Scraped caption text data:

⁂

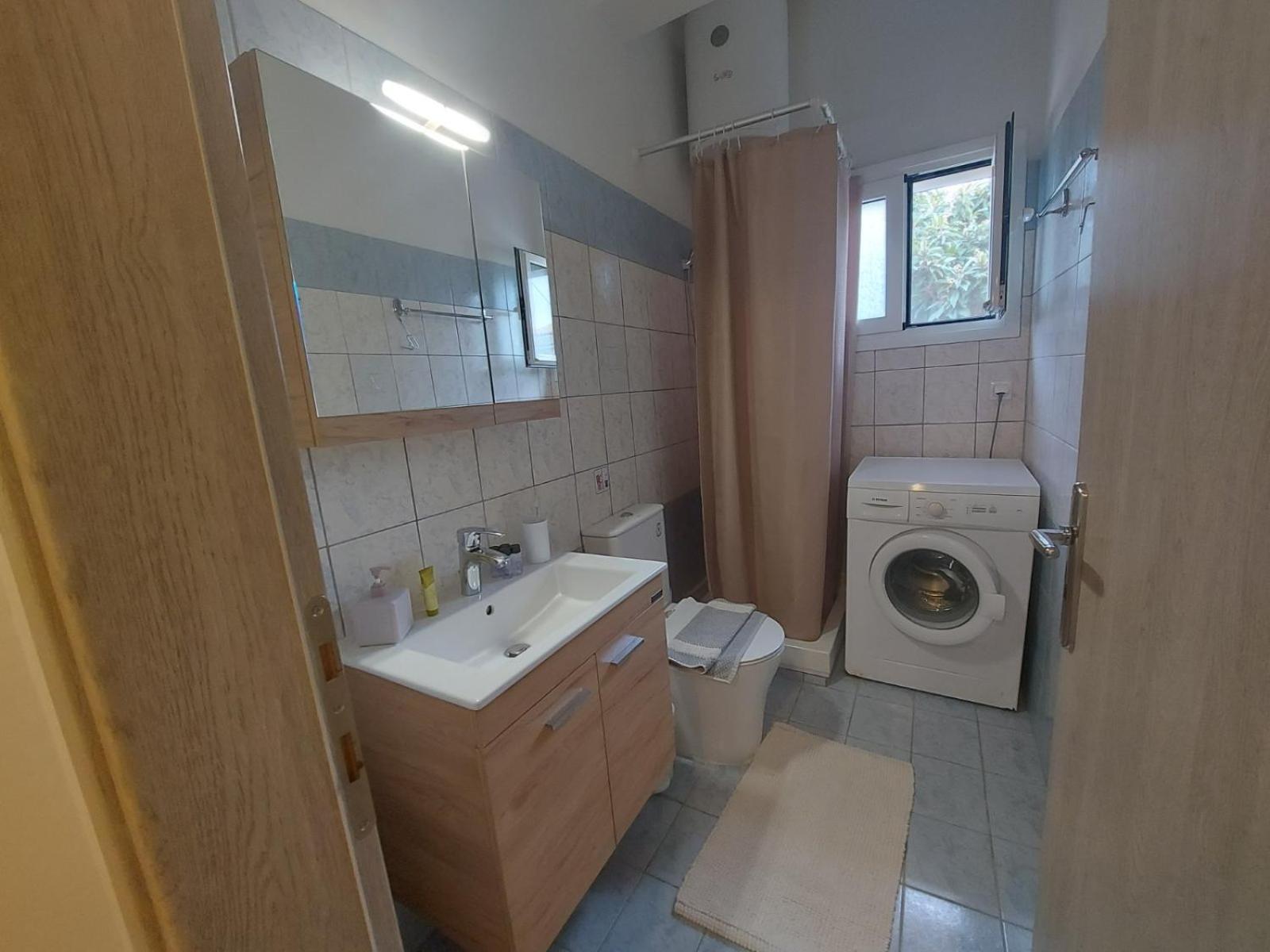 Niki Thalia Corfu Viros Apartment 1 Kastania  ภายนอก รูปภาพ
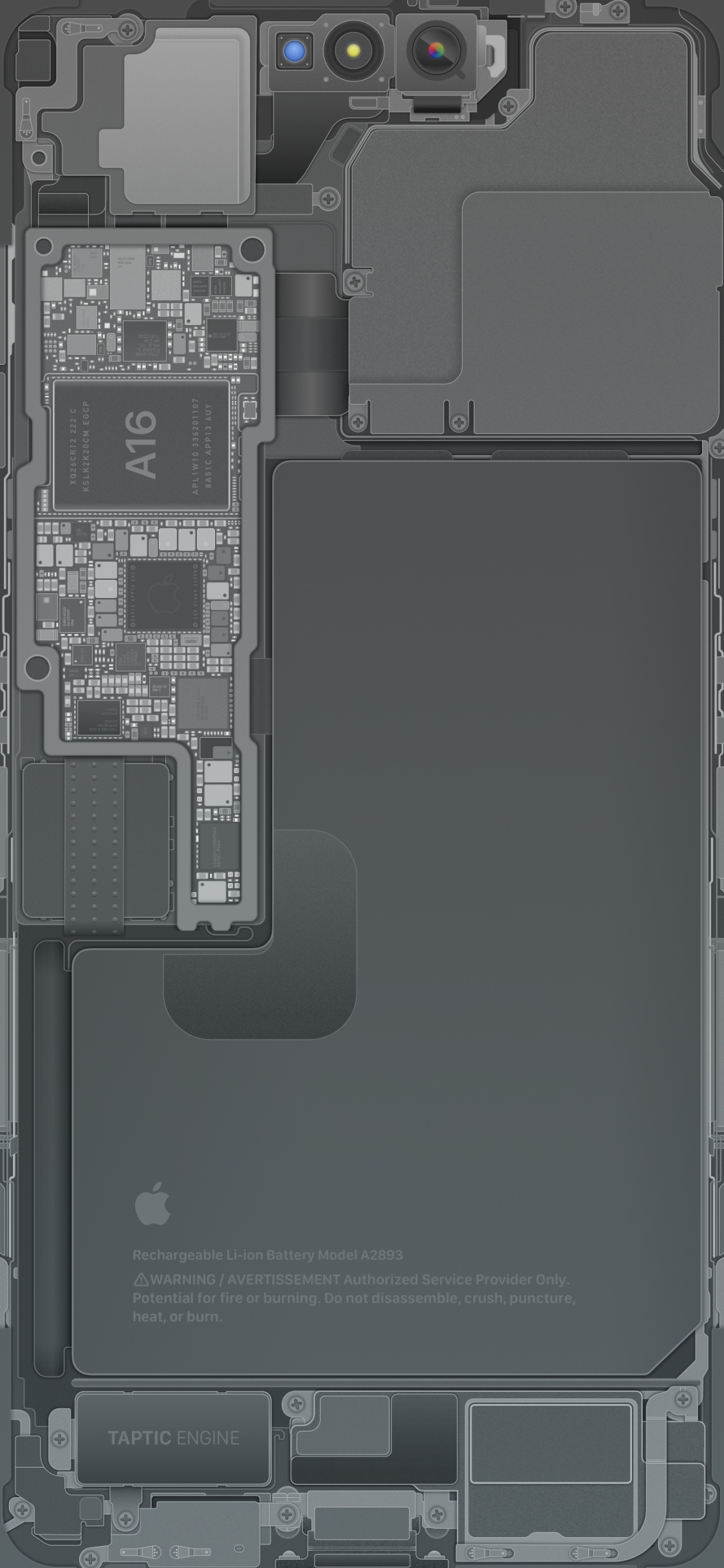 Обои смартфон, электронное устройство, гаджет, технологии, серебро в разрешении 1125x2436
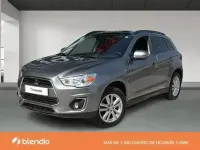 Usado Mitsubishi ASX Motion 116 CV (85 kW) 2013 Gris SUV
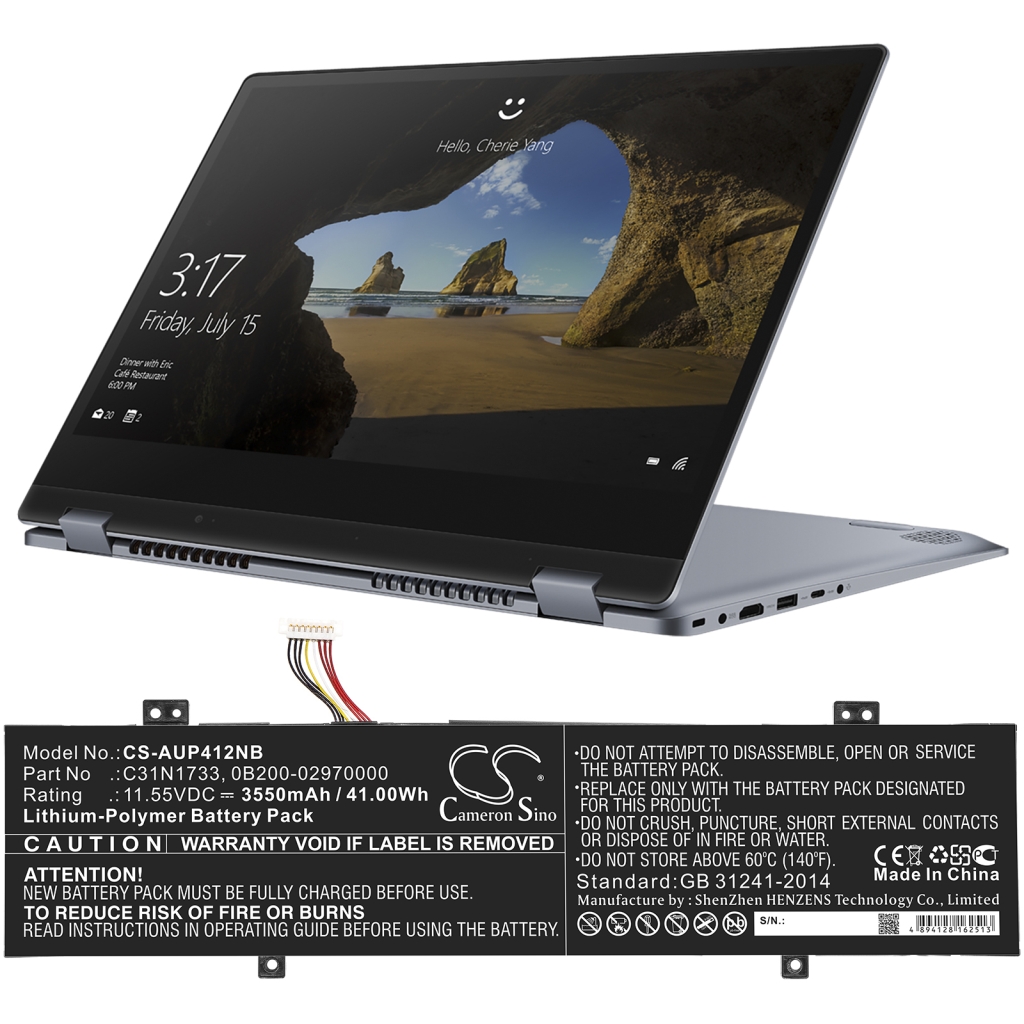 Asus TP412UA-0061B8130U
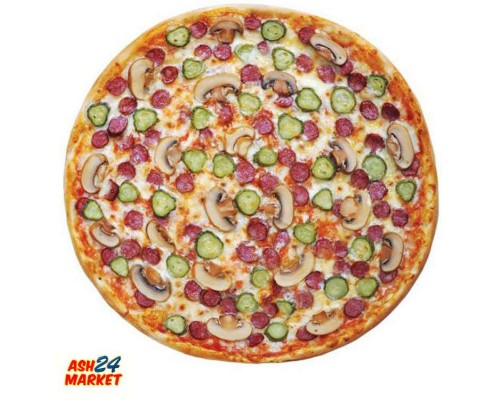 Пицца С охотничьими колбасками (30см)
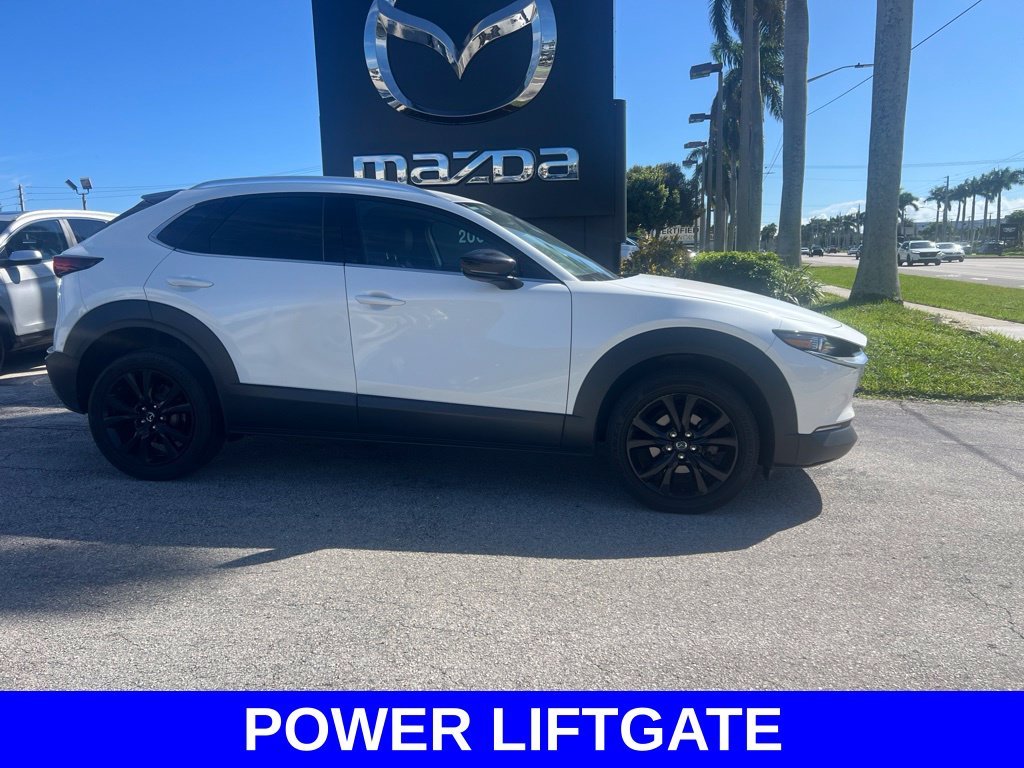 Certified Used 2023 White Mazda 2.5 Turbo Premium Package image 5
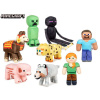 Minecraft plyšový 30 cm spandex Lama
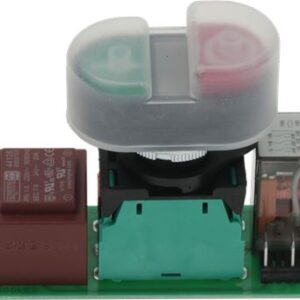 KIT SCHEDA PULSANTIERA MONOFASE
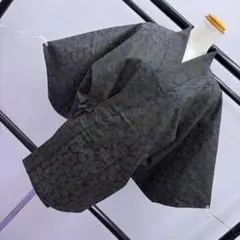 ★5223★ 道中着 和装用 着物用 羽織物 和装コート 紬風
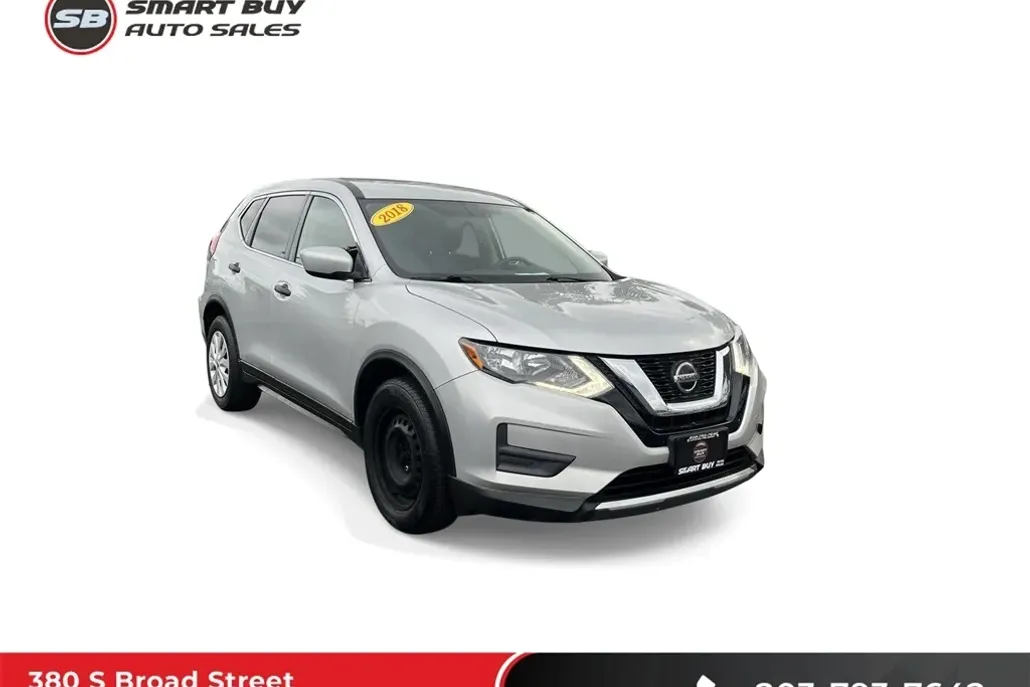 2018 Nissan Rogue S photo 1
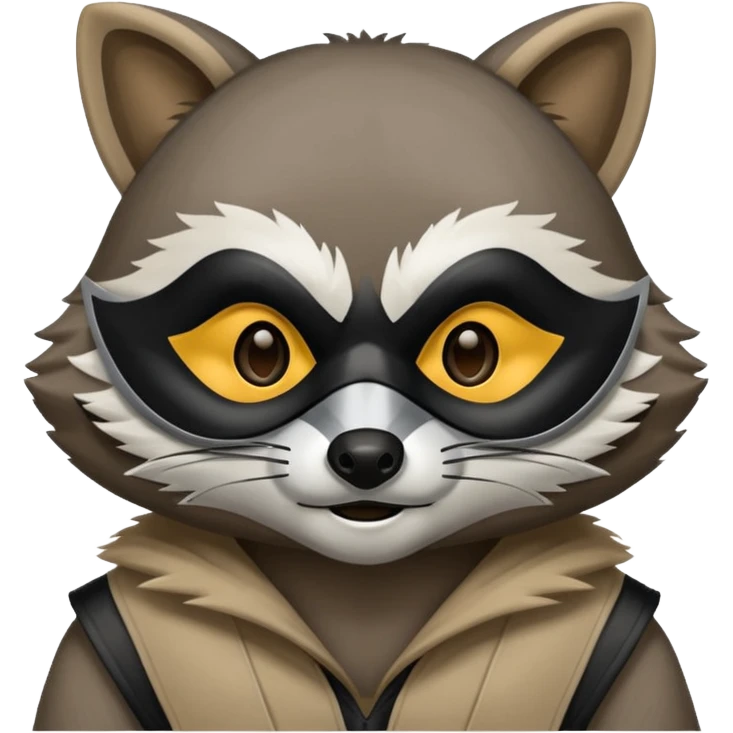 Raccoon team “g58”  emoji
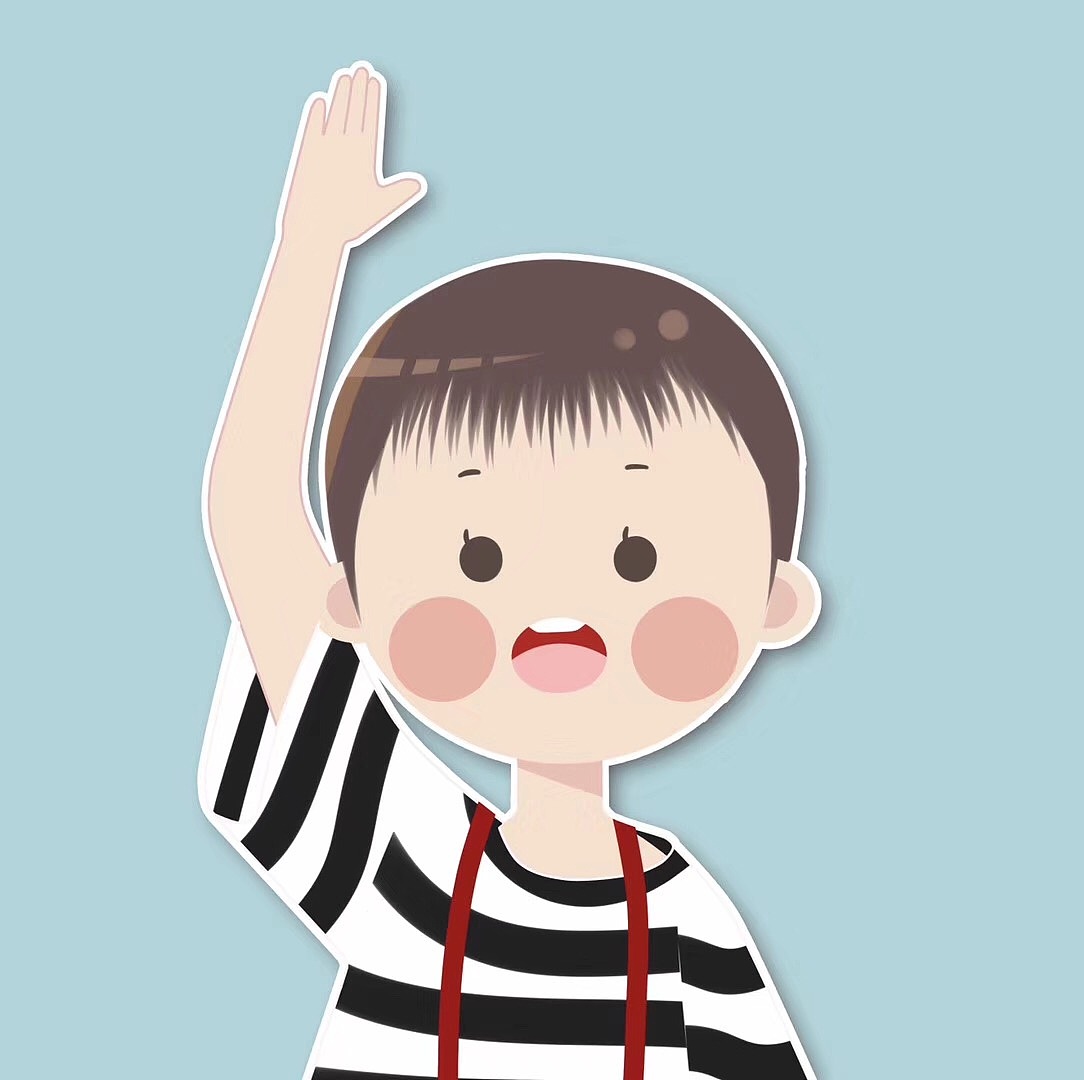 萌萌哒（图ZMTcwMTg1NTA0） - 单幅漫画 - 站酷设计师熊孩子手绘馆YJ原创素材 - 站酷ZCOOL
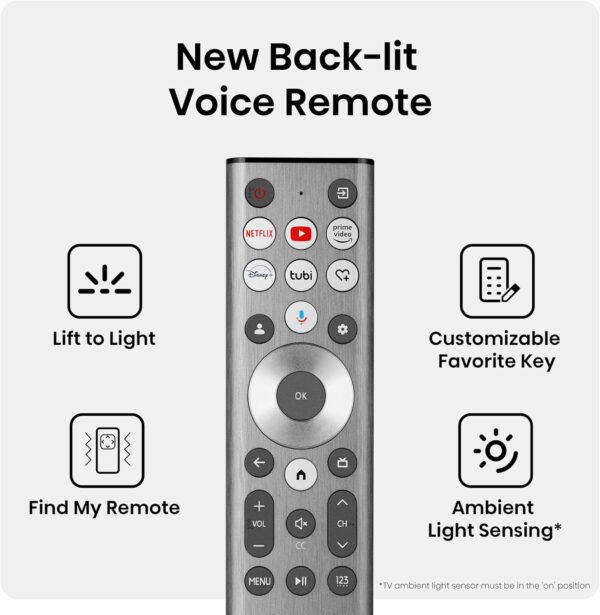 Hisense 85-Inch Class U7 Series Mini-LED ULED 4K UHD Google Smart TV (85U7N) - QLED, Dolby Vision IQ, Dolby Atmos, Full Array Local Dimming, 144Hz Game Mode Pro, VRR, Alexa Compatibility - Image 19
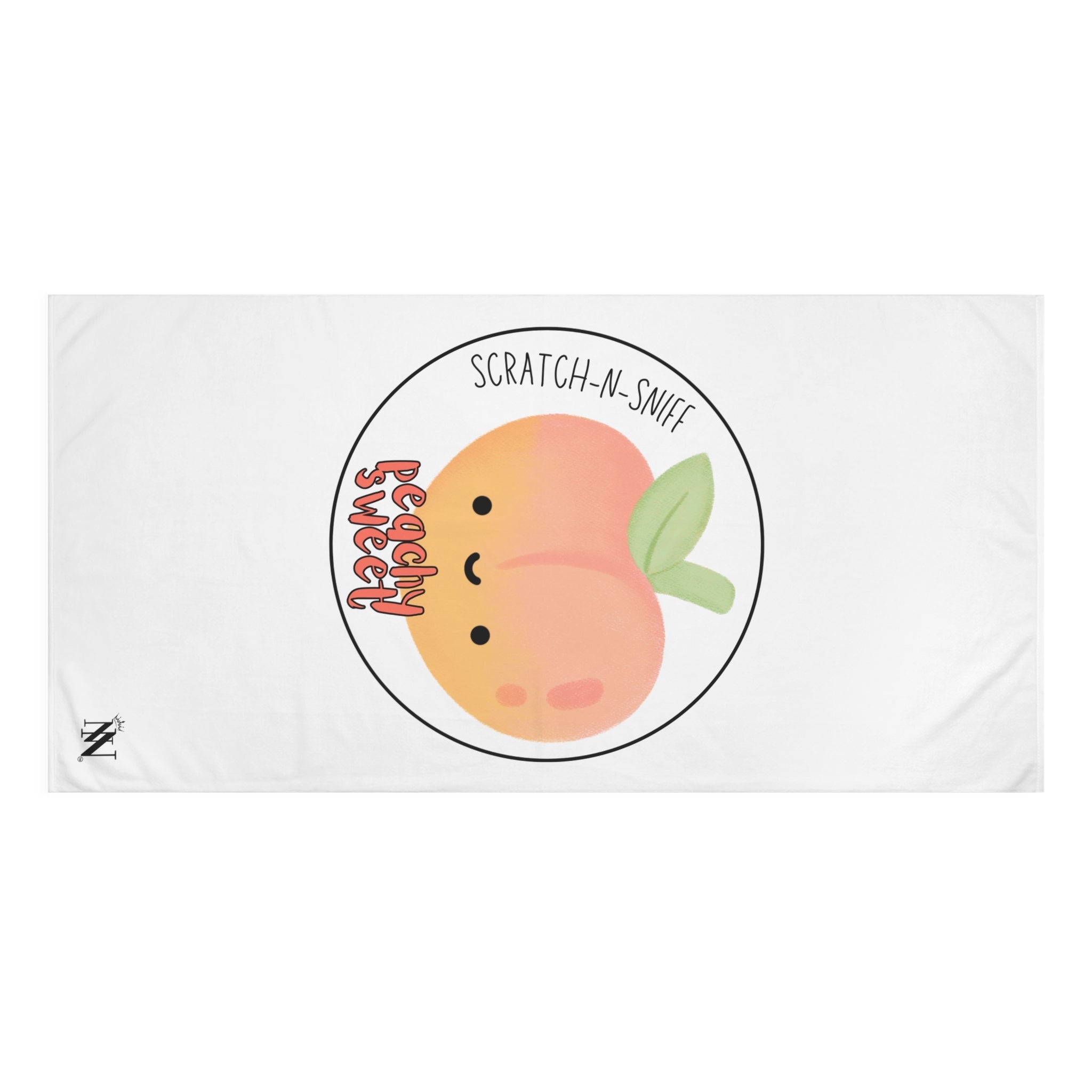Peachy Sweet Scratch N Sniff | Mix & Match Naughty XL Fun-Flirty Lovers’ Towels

⁂

What is needed |
Reproduce all the entries that precede this task, word for word, minus any pictures.

Written response |
 Niki Thalia Corfu Viros Apartment 1 Kastania  ภายนอก รูปภาพ
 Обои смартфон, электронное устройство, гаджет, технологии, серебро в разрешении 1125x2436
 Usado Mitsubishi ASX Motion 116 CV (85 kW) 2013 Gris SUV
 Asus TP412UA-0061B8130U
 Пицца С охотничьими колбасками (30см)
 Certified Used 2023 White Mazda 2.5 Turbo Premium Package image 5
 Minecraft plyšový 30 cm spandex Lama
 KIT SCHEDA PULSANTIERA MONOFASE
 ★5223★ 道中着 和装用 着物用 羽織物 和装コート 紬風
 2018 Nissan Rogue S photo 1
 Raccoon team “g58”  emoji
 萌萌哒（图ZMTcwMTg1NTA0） - 单幅漫画 - 站酷设计师熊孩子手绘馆YJ原创素材 - 站酷ZCOOL
 Hisense 85-Inch Class U7 Series Mini-LED ULED 4K UHD Google Smart TV (85U7N) - QLED, Dolby Vision IQ, Dolby Atmos, Full Array Local Dimming, 144Hz Game Mode Pro, VRR, Alexa Compatibility - Image 19
Peachy Sweet Scratch N Sniff | Mix & Match Naughty XL Fun-Flirty Lovers’ Towels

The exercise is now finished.